OXON HILL, Md. — On the day he was put in charge of baseball in 1992, Bud Selig said his new job was “hopefully relatively short term.”

“But if you’re asking me what relatively short term means, obviously this morning I don’t know,” he said.

Maintaining power for more than 22 years, Selig oversaw a revolution in baseball that included interleague play, the expansion of the playoffs from four teams to eight and then 10, dividing each league into three divisions with wild cards, instituting video review to aid umpires, revenue sharing to help small-market teams and 20 new big league ballparks.

He also presided over the first cancellation of the World Series in 90 years, an attempt to use replacement players for striking big leaguers and the unchecked rise and later crackdown on illegal steroids. He was head of baseball’s labor policy when owners were found to have conspired against free agents.

Selig’s imprint was recognized Sunday when the 82-year-old was elected to the Hall of Fame by the Today’s Game Era Committee.

“We were a sport resistant to change,” he said. “I believe in those years as commissioner, that’s the most change in baseball history.”

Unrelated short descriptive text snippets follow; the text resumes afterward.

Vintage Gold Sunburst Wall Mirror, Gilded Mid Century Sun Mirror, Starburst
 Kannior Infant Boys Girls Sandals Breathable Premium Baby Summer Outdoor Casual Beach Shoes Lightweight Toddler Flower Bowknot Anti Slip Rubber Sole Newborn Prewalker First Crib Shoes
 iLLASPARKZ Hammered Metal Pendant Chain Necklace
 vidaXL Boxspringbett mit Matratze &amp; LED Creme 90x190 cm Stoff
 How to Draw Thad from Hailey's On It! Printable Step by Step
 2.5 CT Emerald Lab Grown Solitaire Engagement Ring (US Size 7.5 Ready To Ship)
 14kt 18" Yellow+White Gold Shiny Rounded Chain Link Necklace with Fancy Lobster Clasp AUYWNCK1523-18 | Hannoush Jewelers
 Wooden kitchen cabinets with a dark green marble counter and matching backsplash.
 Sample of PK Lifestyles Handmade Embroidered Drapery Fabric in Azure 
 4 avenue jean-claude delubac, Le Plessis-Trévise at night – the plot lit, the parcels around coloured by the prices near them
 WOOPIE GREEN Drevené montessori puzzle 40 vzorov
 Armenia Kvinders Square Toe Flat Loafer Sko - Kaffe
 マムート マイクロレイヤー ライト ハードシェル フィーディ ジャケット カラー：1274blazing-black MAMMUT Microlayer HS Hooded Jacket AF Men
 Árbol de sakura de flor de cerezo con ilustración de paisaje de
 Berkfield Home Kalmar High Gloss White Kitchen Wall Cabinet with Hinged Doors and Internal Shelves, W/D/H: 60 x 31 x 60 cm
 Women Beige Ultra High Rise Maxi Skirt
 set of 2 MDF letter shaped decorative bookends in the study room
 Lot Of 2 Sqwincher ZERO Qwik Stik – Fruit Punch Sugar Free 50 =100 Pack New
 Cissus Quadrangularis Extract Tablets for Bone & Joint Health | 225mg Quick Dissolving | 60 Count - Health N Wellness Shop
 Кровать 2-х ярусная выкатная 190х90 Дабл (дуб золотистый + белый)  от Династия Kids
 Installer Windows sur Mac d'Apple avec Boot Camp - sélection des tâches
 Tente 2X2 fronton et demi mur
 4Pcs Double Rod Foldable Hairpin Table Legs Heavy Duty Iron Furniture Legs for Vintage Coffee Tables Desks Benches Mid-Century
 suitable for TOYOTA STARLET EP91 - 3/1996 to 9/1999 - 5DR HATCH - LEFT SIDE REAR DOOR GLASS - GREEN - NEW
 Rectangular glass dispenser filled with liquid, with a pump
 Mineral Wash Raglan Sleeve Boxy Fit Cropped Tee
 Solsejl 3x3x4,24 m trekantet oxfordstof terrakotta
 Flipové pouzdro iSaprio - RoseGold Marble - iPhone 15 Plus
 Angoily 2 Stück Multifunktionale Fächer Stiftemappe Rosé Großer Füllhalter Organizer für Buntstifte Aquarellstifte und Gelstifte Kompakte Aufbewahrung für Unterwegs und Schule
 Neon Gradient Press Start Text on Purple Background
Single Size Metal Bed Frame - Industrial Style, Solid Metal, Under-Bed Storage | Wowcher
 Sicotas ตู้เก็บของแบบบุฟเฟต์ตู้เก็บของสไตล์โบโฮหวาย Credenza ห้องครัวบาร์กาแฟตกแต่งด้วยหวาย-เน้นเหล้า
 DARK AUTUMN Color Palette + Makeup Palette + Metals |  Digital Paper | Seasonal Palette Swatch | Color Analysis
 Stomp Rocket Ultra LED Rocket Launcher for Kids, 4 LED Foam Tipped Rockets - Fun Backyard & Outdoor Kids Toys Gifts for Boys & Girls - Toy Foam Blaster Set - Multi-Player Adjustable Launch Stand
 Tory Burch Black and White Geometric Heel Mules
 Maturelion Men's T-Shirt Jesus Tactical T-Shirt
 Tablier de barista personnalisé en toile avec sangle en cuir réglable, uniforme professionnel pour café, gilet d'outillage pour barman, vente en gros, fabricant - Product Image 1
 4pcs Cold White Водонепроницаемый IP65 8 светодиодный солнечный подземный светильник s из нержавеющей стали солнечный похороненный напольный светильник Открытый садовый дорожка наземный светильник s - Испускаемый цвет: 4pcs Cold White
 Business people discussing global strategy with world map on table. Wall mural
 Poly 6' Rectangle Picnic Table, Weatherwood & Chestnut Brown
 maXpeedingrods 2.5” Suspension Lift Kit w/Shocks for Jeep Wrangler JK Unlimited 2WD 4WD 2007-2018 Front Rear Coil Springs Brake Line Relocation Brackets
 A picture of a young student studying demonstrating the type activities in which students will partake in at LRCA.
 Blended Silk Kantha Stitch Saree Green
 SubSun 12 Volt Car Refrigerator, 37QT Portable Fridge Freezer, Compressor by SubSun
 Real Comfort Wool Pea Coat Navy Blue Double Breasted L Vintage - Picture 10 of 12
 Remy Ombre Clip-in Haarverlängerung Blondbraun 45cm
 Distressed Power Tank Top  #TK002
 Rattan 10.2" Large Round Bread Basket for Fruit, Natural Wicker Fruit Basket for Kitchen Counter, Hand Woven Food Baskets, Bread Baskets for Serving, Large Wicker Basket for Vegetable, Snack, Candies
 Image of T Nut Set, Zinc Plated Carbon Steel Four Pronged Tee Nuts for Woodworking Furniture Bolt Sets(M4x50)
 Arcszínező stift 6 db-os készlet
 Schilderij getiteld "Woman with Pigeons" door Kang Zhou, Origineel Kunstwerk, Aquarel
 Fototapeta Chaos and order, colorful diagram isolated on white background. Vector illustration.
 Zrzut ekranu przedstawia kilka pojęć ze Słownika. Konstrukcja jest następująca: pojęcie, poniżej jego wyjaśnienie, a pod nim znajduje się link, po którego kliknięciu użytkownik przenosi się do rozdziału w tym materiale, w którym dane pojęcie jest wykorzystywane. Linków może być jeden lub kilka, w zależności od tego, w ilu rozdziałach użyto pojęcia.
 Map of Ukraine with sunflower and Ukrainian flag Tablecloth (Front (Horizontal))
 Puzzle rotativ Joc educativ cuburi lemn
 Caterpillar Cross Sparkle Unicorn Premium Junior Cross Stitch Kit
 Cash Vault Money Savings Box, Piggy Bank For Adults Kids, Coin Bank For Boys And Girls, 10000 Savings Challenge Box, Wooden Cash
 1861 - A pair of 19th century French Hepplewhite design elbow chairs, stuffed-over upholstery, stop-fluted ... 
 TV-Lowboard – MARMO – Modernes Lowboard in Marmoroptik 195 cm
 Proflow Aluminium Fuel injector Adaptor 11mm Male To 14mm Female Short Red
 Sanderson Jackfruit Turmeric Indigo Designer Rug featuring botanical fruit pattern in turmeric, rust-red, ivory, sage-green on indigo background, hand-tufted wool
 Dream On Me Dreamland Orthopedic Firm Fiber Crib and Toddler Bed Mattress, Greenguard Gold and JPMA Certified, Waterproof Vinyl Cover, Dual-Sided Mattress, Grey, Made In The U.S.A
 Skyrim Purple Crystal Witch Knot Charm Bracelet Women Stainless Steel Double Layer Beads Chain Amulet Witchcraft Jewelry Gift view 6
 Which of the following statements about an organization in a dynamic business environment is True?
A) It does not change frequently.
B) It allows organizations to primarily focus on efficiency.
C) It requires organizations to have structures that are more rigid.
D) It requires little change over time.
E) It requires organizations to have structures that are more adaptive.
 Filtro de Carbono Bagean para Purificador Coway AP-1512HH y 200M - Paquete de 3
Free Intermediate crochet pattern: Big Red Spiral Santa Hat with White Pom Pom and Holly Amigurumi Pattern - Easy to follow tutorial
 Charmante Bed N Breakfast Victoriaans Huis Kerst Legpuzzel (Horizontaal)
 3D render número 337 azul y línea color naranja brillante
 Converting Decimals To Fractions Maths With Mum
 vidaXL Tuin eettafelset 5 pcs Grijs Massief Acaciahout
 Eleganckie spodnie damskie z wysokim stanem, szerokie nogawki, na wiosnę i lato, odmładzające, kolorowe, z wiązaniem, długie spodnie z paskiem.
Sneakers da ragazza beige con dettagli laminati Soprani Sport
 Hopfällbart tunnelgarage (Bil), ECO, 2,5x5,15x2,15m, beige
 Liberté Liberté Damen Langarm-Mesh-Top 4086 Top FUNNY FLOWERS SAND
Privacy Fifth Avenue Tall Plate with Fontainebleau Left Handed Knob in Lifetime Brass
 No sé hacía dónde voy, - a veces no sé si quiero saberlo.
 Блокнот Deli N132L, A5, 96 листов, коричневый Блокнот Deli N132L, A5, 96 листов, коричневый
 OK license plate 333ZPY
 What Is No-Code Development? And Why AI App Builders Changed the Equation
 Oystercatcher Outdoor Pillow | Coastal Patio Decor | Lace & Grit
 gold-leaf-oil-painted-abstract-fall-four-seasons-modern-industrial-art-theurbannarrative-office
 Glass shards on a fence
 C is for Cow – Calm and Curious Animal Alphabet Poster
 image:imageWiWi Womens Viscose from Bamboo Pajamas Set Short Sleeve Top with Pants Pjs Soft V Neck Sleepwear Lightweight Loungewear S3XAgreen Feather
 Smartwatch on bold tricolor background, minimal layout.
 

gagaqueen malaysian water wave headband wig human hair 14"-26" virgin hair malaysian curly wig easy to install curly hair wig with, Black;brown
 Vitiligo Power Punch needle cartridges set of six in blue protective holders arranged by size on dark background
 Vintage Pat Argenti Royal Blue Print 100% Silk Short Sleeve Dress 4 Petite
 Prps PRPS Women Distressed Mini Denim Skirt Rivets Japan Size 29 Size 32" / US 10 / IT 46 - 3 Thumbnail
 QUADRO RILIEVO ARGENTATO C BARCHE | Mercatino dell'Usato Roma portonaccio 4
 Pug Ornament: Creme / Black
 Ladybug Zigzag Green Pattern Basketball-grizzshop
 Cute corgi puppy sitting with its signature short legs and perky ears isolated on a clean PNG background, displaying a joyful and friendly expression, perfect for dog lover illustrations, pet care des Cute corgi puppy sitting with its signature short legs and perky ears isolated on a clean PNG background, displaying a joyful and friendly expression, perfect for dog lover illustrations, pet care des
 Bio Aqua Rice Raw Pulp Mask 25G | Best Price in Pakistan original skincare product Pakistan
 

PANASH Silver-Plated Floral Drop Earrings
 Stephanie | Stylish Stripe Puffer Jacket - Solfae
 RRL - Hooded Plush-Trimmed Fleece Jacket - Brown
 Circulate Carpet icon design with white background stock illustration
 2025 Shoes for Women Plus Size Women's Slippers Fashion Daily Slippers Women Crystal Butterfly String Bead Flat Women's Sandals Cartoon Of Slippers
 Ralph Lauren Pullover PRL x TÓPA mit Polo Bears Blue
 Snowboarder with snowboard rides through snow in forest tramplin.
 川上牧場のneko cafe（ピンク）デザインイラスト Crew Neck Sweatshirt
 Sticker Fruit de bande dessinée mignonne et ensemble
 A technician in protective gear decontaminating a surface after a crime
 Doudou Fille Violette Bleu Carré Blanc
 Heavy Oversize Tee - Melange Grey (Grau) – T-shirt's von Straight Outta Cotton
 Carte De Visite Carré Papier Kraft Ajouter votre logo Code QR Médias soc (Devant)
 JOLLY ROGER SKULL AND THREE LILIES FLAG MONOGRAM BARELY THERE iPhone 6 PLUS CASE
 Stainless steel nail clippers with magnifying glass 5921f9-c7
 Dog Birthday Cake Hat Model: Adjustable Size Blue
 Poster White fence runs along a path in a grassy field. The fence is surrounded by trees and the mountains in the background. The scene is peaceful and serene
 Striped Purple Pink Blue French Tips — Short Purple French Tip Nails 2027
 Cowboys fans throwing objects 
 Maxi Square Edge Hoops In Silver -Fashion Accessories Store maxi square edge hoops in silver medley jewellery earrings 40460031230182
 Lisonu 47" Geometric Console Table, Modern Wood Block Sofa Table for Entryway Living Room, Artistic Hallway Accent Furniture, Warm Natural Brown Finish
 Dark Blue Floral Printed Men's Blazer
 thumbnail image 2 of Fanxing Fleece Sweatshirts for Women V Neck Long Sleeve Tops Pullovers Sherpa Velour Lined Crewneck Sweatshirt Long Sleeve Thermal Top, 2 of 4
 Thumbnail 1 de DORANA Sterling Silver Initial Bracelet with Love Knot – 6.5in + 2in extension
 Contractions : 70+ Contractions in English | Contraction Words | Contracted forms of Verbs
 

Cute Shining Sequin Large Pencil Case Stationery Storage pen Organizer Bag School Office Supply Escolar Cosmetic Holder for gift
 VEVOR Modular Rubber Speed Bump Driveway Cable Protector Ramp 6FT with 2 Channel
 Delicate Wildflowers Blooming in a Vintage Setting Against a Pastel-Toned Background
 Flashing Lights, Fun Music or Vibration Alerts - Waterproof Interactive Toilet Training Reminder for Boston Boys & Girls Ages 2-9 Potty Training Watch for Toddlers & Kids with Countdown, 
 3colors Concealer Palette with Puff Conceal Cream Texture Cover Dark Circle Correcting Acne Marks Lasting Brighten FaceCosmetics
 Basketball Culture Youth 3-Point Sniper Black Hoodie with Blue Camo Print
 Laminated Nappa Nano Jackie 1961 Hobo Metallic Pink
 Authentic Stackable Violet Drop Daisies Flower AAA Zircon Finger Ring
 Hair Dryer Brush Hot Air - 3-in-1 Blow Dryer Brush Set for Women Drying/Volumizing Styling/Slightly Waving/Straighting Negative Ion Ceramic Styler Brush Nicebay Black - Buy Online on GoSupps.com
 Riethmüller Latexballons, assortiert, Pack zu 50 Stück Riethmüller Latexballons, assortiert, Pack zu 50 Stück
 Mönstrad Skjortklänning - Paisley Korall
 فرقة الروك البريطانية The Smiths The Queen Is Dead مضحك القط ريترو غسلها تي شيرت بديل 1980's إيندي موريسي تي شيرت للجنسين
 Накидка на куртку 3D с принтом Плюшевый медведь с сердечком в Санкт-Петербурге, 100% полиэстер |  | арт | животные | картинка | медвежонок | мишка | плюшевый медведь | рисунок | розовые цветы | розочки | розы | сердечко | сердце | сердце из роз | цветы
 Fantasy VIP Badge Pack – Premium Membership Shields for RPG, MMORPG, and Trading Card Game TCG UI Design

Selig became the fifth of the 10 commissioners voted to the Hall, joining Kenesaw Mountain Landis (1920-44), Happy Chandler (1945-51), Ford Frick (1951-65) and Bowie Kuhn (1969-84). Every commissioner who has served at least five years is in Cooperstown.

“I’m happy for him. I think it’s deserved,” said Fay Vincent, the commissioner Selig helped force out. “I think that after ‘94, Bud really got the point very clearly. I think Bud realized in ‘94 there was no point in trying to test the union anymore.”